- Information
┄┄┄┄┄┄┄┄┄┄┄┄┄┄┄┄┄┄┄┄
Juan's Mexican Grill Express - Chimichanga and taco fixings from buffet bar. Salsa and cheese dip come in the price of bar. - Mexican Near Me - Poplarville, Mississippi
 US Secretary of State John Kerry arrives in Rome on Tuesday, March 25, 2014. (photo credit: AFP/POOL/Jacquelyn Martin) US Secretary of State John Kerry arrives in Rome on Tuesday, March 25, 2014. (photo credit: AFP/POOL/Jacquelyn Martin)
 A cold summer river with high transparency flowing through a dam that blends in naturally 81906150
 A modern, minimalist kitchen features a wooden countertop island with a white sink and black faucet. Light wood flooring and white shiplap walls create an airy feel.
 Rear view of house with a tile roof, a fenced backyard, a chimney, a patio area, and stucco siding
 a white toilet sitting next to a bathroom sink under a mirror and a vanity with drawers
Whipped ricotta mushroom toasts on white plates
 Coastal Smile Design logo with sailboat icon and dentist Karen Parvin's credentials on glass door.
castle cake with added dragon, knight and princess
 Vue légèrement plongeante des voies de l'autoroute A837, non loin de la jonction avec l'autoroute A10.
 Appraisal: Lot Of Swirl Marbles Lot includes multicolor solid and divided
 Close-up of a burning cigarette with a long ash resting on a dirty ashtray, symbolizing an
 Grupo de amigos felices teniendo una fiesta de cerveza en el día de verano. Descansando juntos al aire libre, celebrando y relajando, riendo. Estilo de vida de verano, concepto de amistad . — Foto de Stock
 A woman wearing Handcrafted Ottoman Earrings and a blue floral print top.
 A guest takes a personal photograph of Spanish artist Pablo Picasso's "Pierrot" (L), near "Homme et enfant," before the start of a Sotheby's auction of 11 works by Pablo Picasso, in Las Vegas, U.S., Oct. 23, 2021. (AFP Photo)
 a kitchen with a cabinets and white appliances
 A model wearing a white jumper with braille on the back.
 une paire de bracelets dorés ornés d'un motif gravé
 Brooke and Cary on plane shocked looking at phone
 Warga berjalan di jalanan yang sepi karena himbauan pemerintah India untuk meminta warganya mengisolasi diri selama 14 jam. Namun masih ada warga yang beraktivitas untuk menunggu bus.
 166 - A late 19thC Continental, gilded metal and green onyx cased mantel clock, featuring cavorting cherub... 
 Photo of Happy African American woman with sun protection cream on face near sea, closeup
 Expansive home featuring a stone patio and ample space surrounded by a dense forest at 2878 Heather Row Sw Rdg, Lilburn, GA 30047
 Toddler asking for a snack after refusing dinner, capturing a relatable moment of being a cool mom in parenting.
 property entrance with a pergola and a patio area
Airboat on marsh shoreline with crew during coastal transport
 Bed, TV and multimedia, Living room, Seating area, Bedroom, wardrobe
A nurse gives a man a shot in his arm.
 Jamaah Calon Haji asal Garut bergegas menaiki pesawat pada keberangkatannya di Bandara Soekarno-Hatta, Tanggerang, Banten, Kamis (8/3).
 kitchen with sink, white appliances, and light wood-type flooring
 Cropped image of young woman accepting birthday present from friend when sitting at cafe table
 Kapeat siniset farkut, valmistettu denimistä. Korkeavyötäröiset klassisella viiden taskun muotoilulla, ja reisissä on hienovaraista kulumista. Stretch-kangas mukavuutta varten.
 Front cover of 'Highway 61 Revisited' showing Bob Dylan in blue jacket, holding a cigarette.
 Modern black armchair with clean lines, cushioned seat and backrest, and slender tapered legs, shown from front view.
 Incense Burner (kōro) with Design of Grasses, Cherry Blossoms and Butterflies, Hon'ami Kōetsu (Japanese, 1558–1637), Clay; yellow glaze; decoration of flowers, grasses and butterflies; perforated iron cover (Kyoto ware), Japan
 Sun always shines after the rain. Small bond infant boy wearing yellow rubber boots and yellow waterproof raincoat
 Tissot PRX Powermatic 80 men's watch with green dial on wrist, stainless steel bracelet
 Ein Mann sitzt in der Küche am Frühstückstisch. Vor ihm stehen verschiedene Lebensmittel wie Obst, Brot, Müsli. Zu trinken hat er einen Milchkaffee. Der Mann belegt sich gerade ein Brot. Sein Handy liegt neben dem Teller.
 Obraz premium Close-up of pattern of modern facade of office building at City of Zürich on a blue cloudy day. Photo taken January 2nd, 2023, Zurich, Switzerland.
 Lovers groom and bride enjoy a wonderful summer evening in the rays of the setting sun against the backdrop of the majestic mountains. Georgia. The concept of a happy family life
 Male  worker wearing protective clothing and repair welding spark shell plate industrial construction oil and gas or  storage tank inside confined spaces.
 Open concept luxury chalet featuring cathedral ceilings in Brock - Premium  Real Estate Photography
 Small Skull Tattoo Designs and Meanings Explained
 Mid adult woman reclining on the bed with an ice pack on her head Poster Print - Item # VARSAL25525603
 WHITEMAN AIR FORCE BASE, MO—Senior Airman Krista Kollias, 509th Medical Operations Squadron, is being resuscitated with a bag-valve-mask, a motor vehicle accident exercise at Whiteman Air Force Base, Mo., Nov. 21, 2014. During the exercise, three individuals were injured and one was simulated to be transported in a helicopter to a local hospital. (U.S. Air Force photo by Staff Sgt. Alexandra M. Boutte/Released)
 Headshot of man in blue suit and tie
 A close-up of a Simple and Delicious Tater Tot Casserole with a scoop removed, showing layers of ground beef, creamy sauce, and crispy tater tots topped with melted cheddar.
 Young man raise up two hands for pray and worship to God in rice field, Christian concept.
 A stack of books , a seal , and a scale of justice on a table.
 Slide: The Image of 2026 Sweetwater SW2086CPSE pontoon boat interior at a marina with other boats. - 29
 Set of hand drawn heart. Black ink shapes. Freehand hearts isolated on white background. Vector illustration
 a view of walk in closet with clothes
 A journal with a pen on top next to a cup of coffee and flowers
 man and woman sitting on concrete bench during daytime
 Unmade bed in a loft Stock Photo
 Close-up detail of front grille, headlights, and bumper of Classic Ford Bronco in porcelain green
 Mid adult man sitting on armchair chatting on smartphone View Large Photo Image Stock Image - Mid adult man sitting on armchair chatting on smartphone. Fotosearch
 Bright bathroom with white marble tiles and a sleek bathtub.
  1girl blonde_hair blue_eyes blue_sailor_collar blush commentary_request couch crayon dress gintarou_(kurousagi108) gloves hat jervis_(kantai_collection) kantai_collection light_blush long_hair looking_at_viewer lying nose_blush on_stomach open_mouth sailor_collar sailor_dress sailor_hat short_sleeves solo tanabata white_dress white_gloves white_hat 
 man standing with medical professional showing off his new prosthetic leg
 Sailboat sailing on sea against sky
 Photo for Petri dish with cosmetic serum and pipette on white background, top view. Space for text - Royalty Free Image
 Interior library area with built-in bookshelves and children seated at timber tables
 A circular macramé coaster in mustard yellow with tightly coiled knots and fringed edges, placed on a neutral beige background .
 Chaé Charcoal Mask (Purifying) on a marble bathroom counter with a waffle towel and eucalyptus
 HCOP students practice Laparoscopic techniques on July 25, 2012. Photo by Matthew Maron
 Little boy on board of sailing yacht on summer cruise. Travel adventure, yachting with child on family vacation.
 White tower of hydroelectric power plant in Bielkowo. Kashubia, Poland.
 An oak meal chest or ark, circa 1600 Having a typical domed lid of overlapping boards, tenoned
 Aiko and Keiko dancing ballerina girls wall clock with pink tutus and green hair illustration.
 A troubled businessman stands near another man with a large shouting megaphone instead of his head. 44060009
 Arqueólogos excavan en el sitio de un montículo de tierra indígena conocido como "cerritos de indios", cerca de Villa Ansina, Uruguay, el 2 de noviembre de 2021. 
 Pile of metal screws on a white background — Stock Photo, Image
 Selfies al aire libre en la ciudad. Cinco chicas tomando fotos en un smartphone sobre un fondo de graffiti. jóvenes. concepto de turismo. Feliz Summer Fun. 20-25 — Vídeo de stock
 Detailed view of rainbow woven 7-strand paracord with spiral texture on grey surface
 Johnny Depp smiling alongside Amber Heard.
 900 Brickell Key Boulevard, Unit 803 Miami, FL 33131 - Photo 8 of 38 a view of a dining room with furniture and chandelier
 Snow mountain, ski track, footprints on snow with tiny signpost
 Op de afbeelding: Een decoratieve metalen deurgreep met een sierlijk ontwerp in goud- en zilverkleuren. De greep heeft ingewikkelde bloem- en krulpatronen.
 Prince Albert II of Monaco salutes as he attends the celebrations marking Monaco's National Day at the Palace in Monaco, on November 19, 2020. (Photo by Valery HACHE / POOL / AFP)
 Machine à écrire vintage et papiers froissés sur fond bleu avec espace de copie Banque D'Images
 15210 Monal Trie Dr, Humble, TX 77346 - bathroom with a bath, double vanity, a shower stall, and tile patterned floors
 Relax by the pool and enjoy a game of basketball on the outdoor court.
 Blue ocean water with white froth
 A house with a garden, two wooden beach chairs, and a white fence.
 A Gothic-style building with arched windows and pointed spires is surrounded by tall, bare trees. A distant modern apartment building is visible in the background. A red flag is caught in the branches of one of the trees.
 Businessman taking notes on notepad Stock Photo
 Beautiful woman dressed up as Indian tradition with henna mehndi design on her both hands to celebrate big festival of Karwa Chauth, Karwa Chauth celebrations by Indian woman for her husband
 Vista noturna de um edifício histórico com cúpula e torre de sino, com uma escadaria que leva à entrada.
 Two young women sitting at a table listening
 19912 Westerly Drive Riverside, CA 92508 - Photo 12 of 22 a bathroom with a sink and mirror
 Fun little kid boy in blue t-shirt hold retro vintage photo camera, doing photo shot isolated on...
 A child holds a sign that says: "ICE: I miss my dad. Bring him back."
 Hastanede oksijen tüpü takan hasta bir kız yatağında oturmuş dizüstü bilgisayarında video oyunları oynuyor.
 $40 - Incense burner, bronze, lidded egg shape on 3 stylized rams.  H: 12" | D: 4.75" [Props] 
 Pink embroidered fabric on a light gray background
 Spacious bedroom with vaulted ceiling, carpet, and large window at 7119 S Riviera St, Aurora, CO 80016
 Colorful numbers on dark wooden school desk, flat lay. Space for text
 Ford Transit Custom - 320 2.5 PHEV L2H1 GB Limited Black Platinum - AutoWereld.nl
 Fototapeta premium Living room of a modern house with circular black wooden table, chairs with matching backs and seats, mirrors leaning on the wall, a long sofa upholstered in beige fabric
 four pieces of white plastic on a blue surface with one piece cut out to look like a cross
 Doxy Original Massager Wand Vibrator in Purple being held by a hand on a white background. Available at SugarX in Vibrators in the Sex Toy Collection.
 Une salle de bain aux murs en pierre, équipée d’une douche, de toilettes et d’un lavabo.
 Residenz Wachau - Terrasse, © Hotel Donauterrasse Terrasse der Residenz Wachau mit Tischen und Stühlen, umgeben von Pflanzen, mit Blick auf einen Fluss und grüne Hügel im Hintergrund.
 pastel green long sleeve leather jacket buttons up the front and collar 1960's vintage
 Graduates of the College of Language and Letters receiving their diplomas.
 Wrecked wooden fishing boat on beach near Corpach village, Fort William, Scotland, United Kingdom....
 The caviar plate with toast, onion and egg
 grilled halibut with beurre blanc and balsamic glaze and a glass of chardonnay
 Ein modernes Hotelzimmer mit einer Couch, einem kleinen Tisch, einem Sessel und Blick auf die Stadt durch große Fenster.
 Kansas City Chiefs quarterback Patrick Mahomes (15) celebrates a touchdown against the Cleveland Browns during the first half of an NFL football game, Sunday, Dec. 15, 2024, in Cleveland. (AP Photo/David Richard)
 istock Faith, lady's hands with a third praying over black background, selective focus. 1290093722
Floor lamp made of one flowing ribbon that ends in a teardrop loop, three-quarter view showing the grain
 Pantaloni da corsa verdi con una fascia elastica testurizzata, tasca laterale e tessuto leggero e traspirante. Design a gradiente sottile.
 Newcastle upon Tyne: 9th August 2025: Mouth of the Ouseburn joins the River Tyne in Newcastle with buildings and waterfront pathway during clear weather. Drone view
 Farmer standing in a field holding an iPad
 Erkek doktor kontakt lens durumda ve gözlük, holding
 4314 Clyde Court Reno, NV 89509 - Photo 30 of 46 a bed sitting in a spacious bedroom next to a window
┄┄┄┄┄┄┄┄┄┄┄┄┄┄┄┄┄┄┄┄
- What to do
Could you return exactly the lines above from the line with "Whipped ricotta mushroom" to the line with "Warga berjalan di", both included, and nothing else?

- Exercise result
Whipped ricotta mushroom toasts on white plates
 Coastal Smile Design logo with sailboat icon and dentist Karen Parvin's credentials on glass door.
castle cake with added dragon, knight and princess
 Vue légèrement plongeante des voies de l'autoroute A837, non loin de la jonction avec l'autoroute A10.
 Appraisal: Lot Of Swirl Marbles Lot includes multicolor solid and divided
 Close-up of a burning cigarette with a long ash resting on a dirty ashtray, symbolizing an
 Grupo de amigos felices teniendo una fiesta de cerveza en el día de verano. Descansando juntos al aire libre, celebrando y relajando, riendo. Estilo de vida de verano, concepto de amistad . — Foto de Stock
 A woman wearing Handcrafted Ottoman Earrings and a blue floral print top.
 A guest takes a personal photograph of Spanish artist Pablo Picasso's "Pierrot" (L), near "Homme et enfant," before the start of a Sotheby's auction of 11 works by Pablo Picasso, in Las Vegas, U.S., Oct. 23, 2021. (AFP Photo)
 a kitchen with a cabinets and white appliances
 A model wearing a white jumper with braille on the back.
 une paire de bracelets dorés ornés d'un motif gravé
 Brooke and Cary on plane shocked looking at phone
 Warga berjalan di jalanan yang sepi karena himbauan pemerintah India untuk meminta warganya mengisolasi diri selama 14 jam. Namun masih ada warga yang beraktivitas untuk menunggu bus.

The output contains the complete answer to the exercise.